The answer comes in understanding the tragic inspiration for this story.
Hans’s Tender Heart
Andersen, who lived in the early 1800s, lived a life filled with tragedy. Just before he wrote The Little Mermaid he had fallen in love with a man, the son of his benefactor. Given the time in which he lived, it comes as no surprise that his friend rebuked Andersen and married a woman.
The Little Mermaid is a story of Andersen’s unrequited love, the kind of love that, at that time, was not publicly acknowledged. We have to wonder if the mermaid’s willingness to settle for crumbs of affection (she sleeps on a velvet cushion outside the prince’s door and dances for the prince even though “each time her foot touched the floor it seemed as if she trod on sharp knives”) were inspired by Andersen’s desperation to be part of his love’s life at any cost.
We will never know Andersen’s full love story, but we know that he loved a man in a time in which his love was a felony and a sin. We know he was devastated and wrote this tale to suture his wound. But the danger of the story is Andersen’s warning against loving too much. In his experience, desire pulls us under like an ocean swell.
If Andersen were my client, I would offer this: What if his desire did not fail? What if it was the cultural ignorance — and religious beliefs that encouraged suppression — that failed him?
What, then, would he say about the power of desire?
Yoga’s Surprising Connection to The Little Mermaid
When I first began to study yoga and other forms of spirituality, I often heard teachers say things like this: desire leads to suffering; freedom is having none.
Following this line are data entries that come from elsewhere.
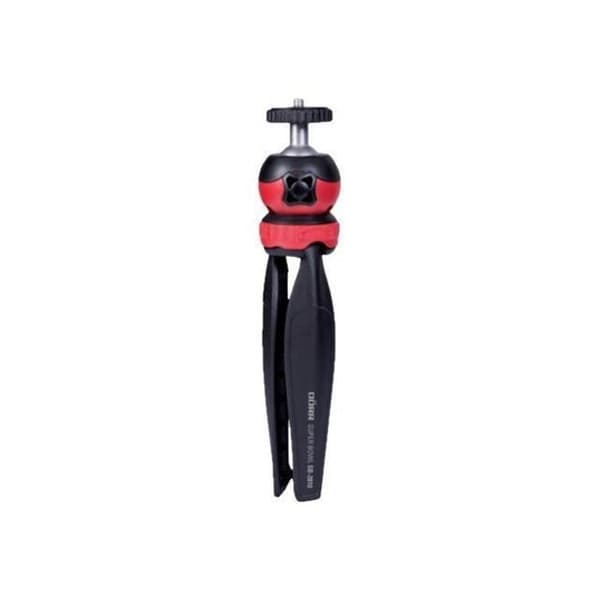 Stativ - DORR - SB-2810 Super Bowl - Kula - Plast - Maxvikt 2 kg
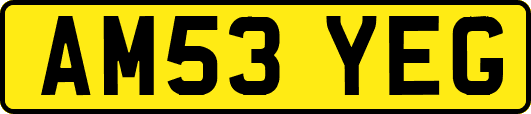 AM53YEG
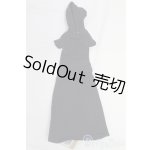 画像: ジェニー/OF:リトルファクトリー製衣装 I-26-02-01-200-KD-ZI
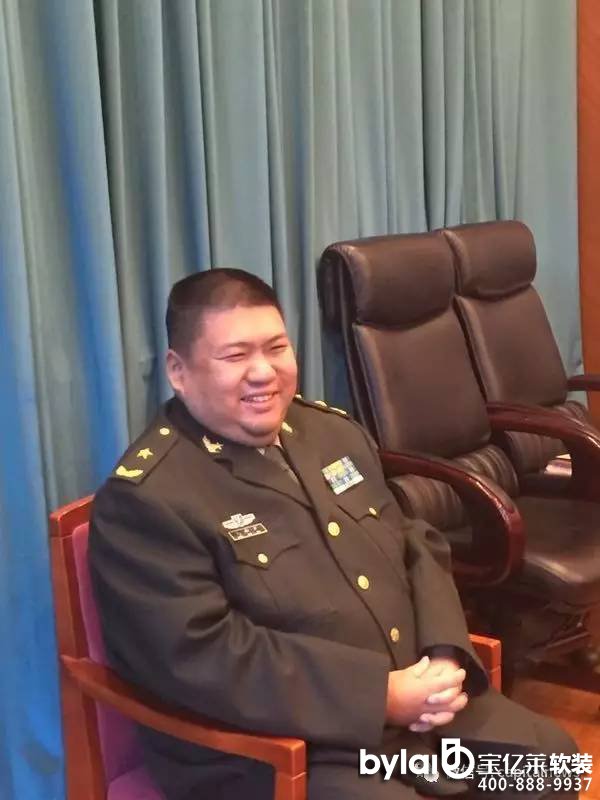 ���|�Rܛ�b��ë��������I(l��ng)������ζ���ش�؟��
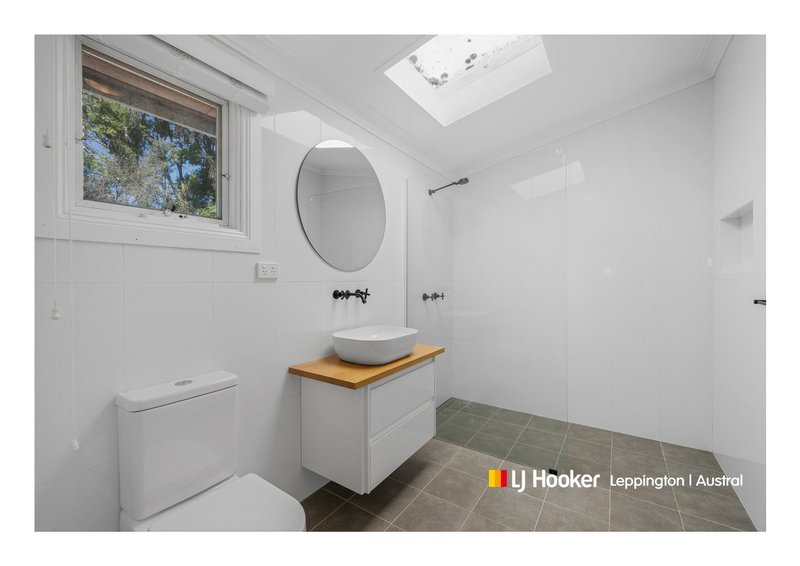 Photo - 130-134 Mount Vernon Road, Mount Vernon NSW 2178 - Image 11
But like the first time I read The Little Mermaid, it felt like a piece of the story was missing. I went deeper, and I found teachings about desire that are as rich in shadow and light as a coral reef.
If Andersen were a seeker like me, he might have discovered the depth of desire. It could have transformed The Little Mermaid into a story that shares three truths about desire that I work with as I swim over the polypi:
- All desires deserve to be explored. Suppression leads to obsession. Every desire, whether outlandish, holy, or banal, tells us something about who we are and why we have taken form. If the little mermaid had been able to openly share her love for the human world without everyone shushing her, she might not have become obsessed with a prince who did not love her. Or, maybe she would have found friends other than the sea witch who could help her realize her dream.
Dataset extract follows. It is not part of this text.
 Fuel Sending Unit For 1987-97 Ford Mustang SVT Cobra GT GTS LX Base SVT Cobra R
- Some desires deserve action. Knowing when and on what to act requires discernment and courage. Discernment teaches us to honor right timing and ethics (which are different from cultural mores). Yet a discerning mind also knows that the ego will always avoid risk, so we must mine courage and use it when it’s time to move.
- We may not get what we want. Even if we exercise discernment and courage, we don’t always get what we want. We don’t know all the reasons for this. As Andersen (and the little mermaid) found, sometimes we can love someone who isn’t fit to hold our hearts. Maybe the story would have shifted if Andersen had realized that he was worth far more than what his romantic interest could offer.
The Redemption
In my work as a wisdom guide I have seen countless examples of the ways that desires shape us — they have tremendous creative or destructive potential. Each of them is a map to our inner selves. Our power is not in getting everything we want, but in uncovering who we really are in the process of wishing.
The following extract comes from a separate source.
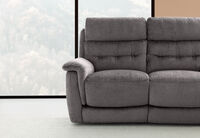 OBERTO FABRIC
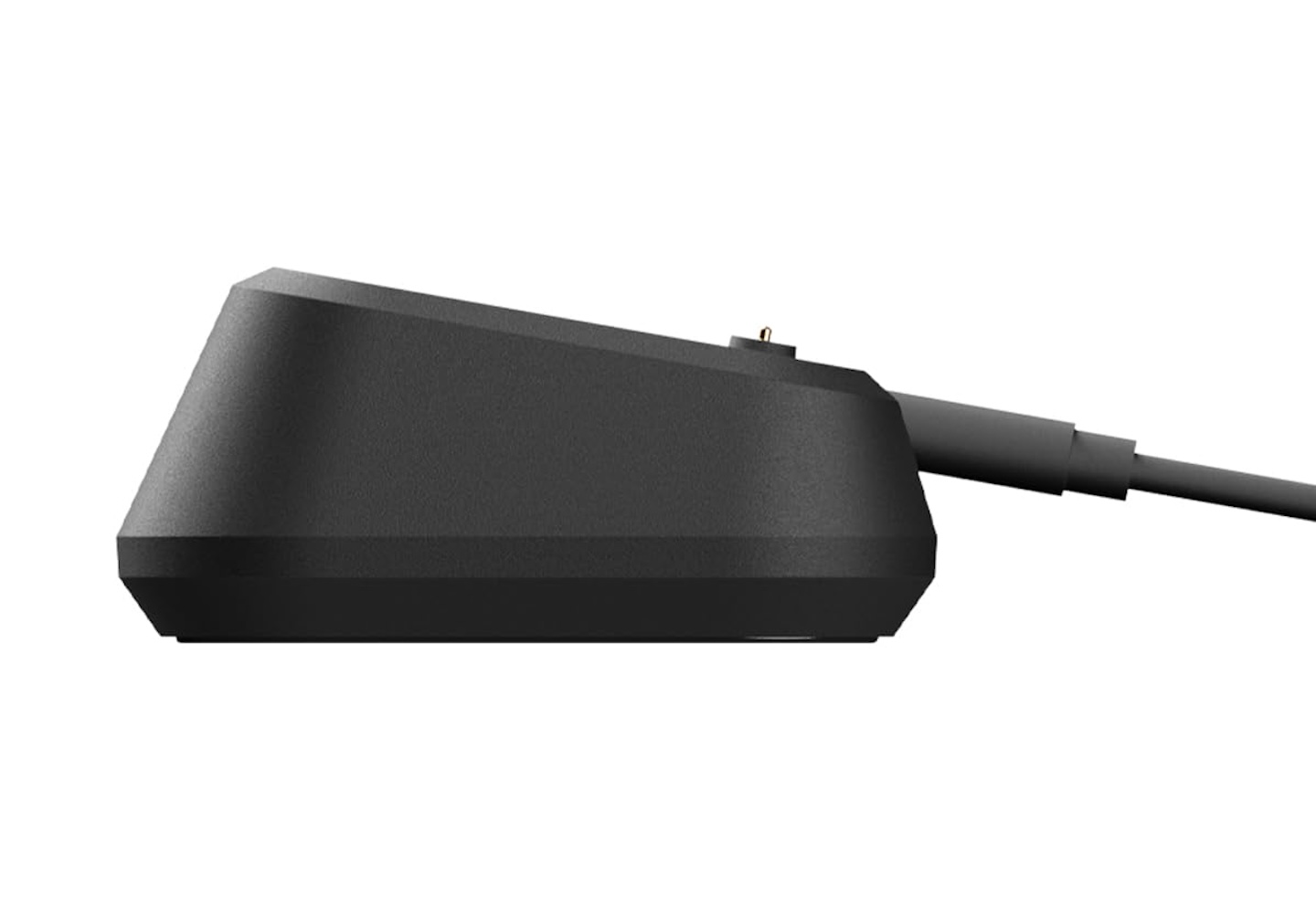 Spigen Charging Dock Stand Designed for Steam Controller Puck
Andersen suffered, no doubt. But his desires didn’t create the danger, the culture did. And while we can acknowledge Andersen’s desire to warn children against the dangers of going after what’s in their hearts, we have to admit that it’s a story that we have outgrown.
Folk and fairy tales like this one are powerful tools. They shape us in good and bad ways. However, we make an even stronger mold by exploring what’s written in between the lines. Naming the half-truths and limited beliefs in The Little Mermaid gives us what the author never had — freedom from them.